[EXERCISE AIM] When you transcribe the entries below, begin at their first line and stop after the line containing "4155 Mcever Park"; pictures stay out.

↓

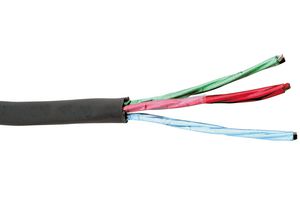 BELDEN 8769-1000-60
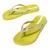 Vrouwenslippers Ipanema Anatomica Lolita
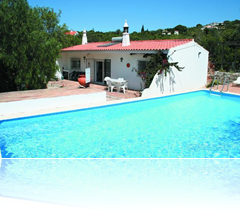 Villa Rental Algarve Villa Rental Algarve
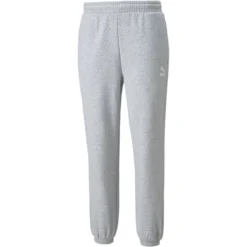 Puma Classics Relaxed Sweatpants FL Herren Hose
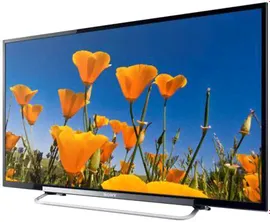Sony Телевизор Sony KDL-40R474A телевизор 40", черный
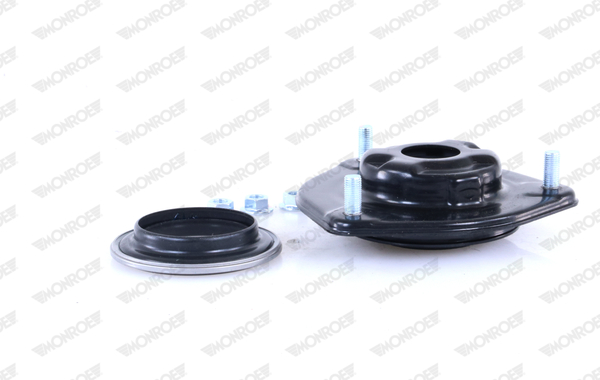MONROE MK401R MOUNTING KIT Federbeinstützlager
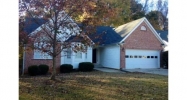 4155 Mcever Park Drive Acworth, GA 30101 - Image 13507601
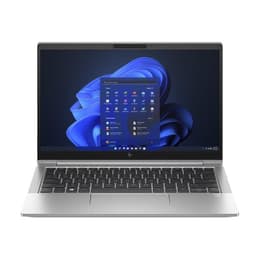 HP 735X5AV 13-inch (2023) - Core i7 - Gen 13 (U) - 16GB - SSD 512 GB QWERTY - English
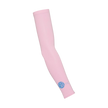 SParms Sun Sleeve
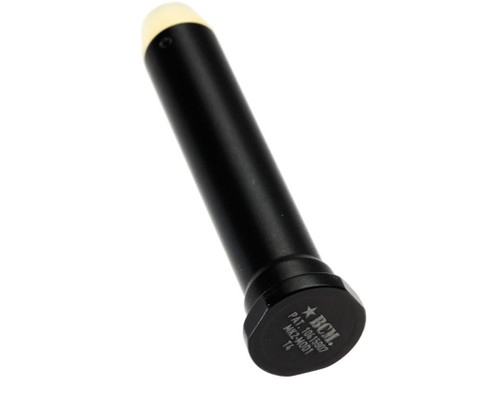 BRAVO COMPANY USA BCM-BFMK2-M1-T4 MK2 BUFFER MOD 1 - T4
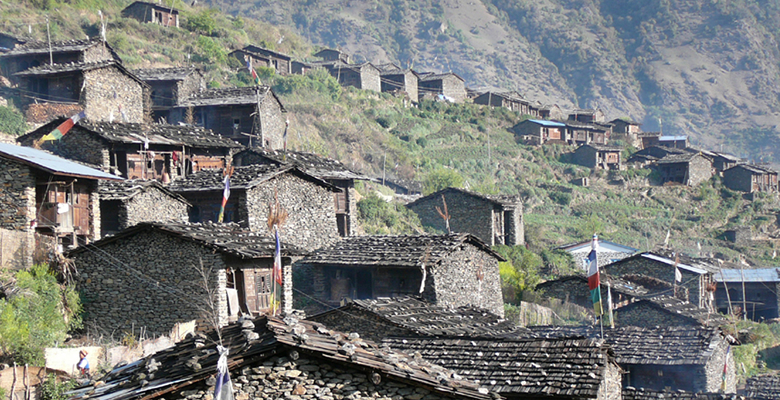 tamang-heritage-trail-short-treks-in-nepal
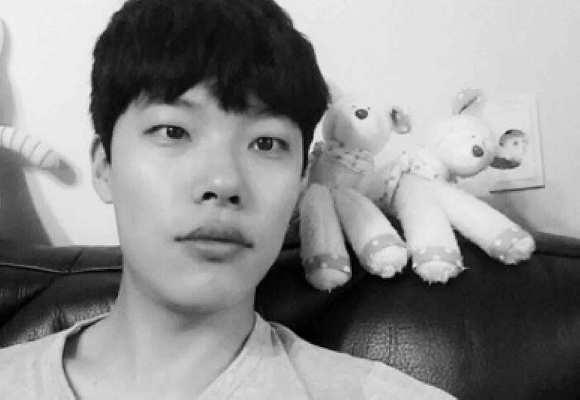 류준열 나이가 서른이었다니.jpg | 인스티즈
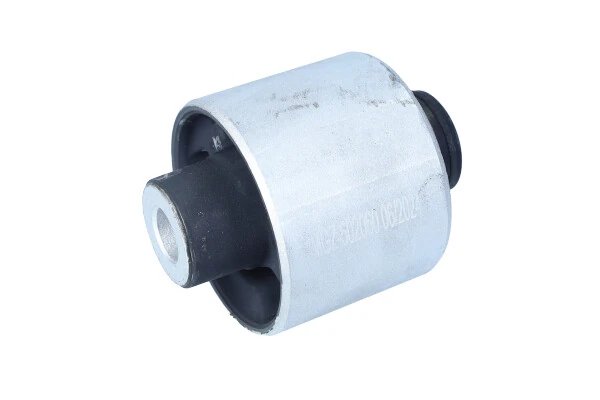 Bucsa suspensie Maxgear 72-5039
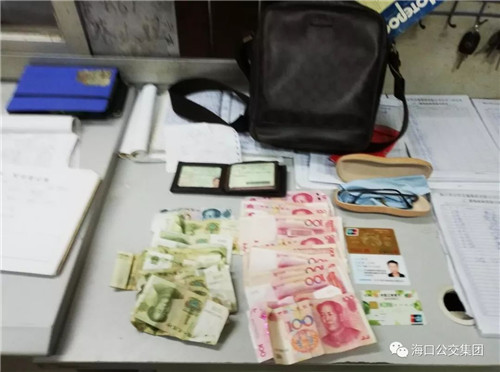 image001.jpg image001.jpg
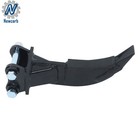 Ripper Attachment For 1ton To 1 5ton Mini Excavator Small Digger New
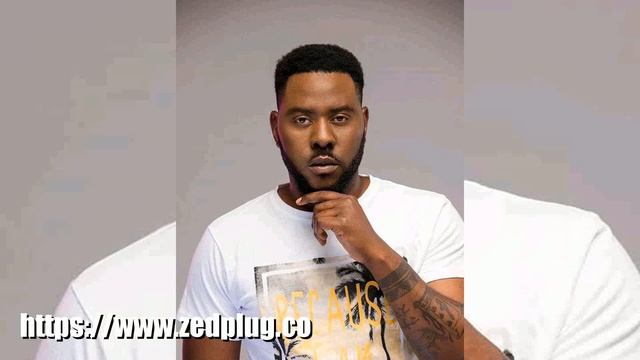 Dj H mac Ft Slap Dee Paipa Pano смотреть онлайн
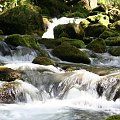 GIEWONT - KASPROWY #GÓRY #ZAKOPANE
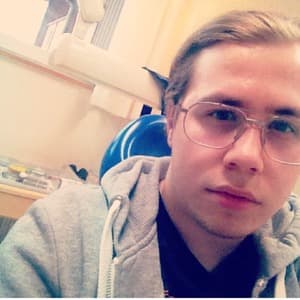 beck0vic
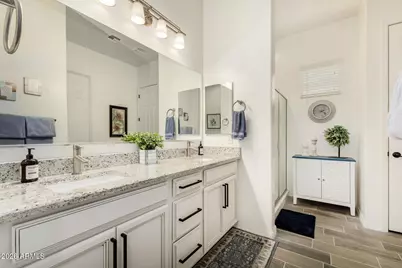 11634 W Andrew Lane, Peoria, AZ 85383 - Photo 38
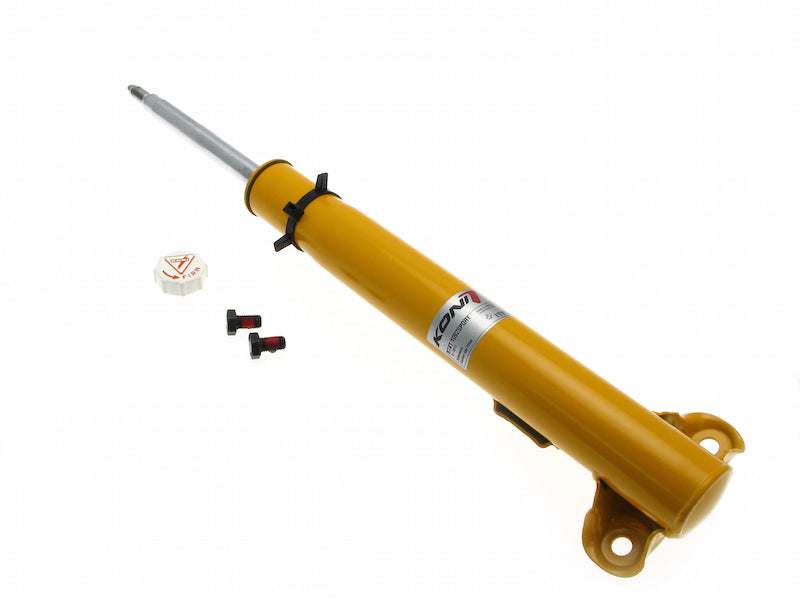 Koni Adjustable - Sport (Front) - Mercedes-Benz 190-series (W201) - single shock (front)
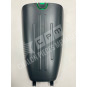 COUVERCLE ARRIERE SAC VK200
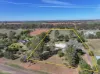 18 South Lead Road, Forbes, NSW 2871-Image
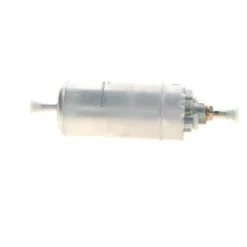Bosch Fuel Pump 0580464121 -AutohausAZ shop 058046412113176276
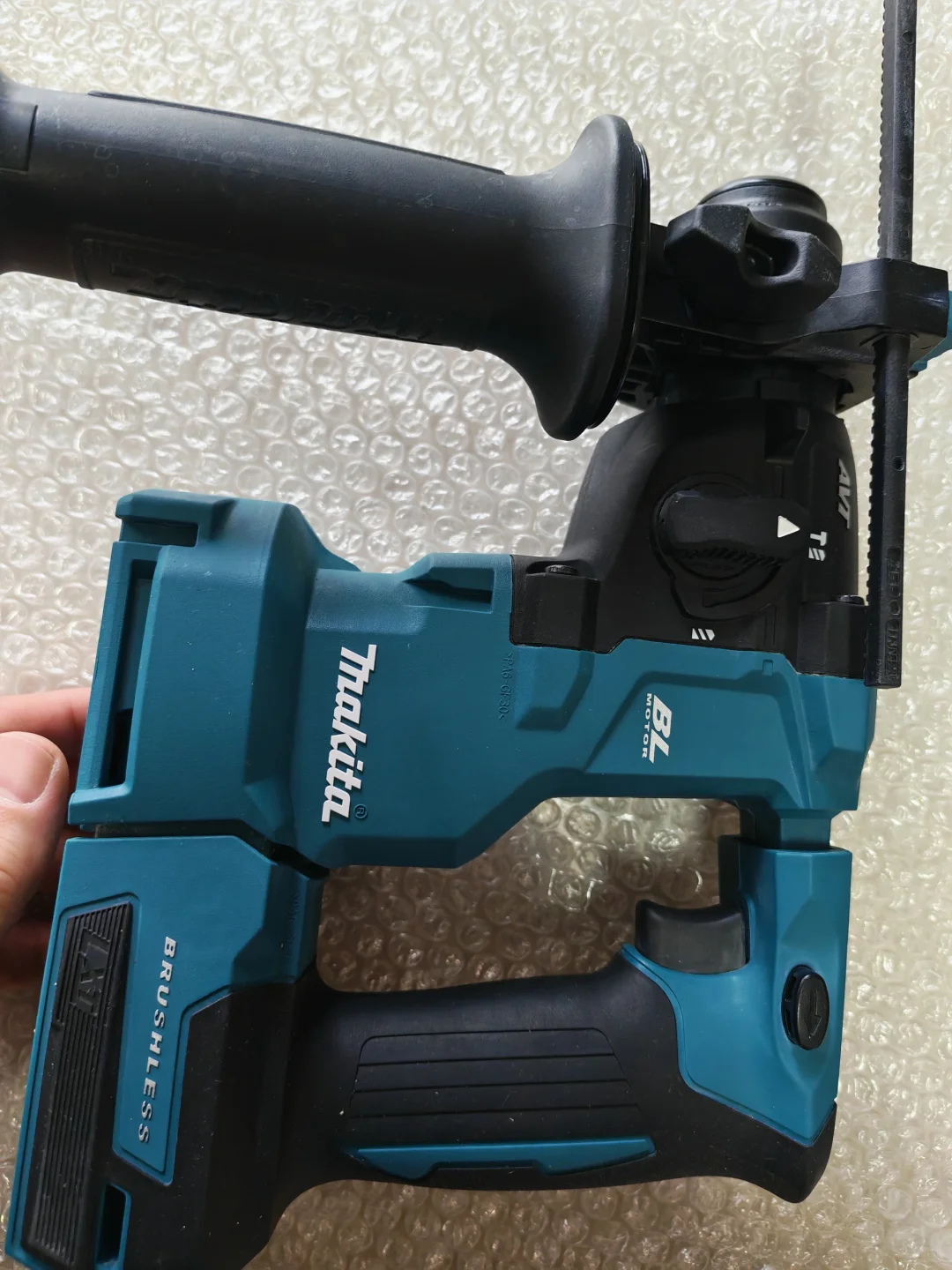 家装之电动工具篇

↑

[EXERCISE SOLUTION]
 BELDEN 8769-1000-60
 Vrouwenslippers Ipanema Anatomica Lolita
 Villa Rental Algarve Villa Rental Algarve
 Puma Classics Relaxed Sweatpants FL Herren Hose
Sony Телевизор Sony KDL-40R474A телевизор 40", черный
MONROE MK401R MOUNTING KIT Federbeinstützlager
 4155 Mcever Park Drive Acworth, GA 30101 - Image 13507601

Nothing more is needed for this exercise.